Question

The odds in favor of an event a are 3:4. the odds against another independent event b are 7:4. what is the probability that at least one of the events will happen

Answer 1

answer is 4.....
hence there are 4 favourable outcomes possible as 7/4 – 3/7 the answer is 4/7 so there are probabilityof getting 4 results of the event.
hope the answer is correct......
hopefully I may have helped you......

Answer 2

Answer:

The probability that at least one of the events will happen is $\frac{7}{11}$

Step-by-step explanation:

Given : The odds in favor of an event a are 3:4. the odds against another independent event b are 7:4.

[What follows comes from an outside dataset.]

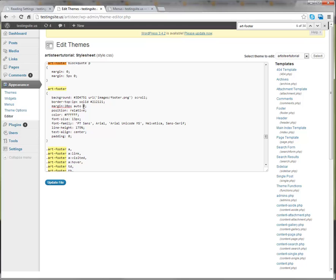So what we can do is we can have 20 pixels and then auto, and then I'm going to have 20 pixels again, which is for the bottom, and then zero for the left side. Now, if your footer doesn't have a margin on the top, this wouldn't be 20 pixels, of course.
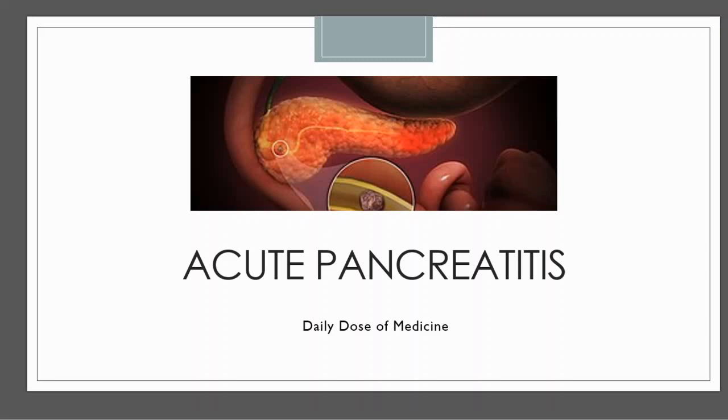Hey everyone, this is your daily dose of medicine. In this video we are going to learn new things about acute pancreatitis.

To find : What is the probability that at least one of the events will happen?

Solution :

The odds in favor of an event a are 3:4.

i.e. $P(A)=\frac{3}{7}$

The odds against another independent event b are 7:4.

i.e. $P(B)=\frac{4}{11}$

Now we write there compliments,

$P(A')=\frac{4}{7}$

$P(B')=\frac{7}{11}$

The probability that at least one of the events will happen is given by,

$\text{P(at least one of A and B)} = 1 -P(A')P(B')$

$\text{P(at least one of A and B)} = 1 -(\frac{4}{7})(\frac{7}{11})$

$\text{P(at least one of A and B)} = 1 -\frac{4}{11}$

$\text{P(at least one of A and B)} = \frac{11-4}{11}$

$\text{P(at least one of A and B)} = \frac{7}{11}$

Therefore, The probability that at least one of the events will happen is $\frac{7}{11}$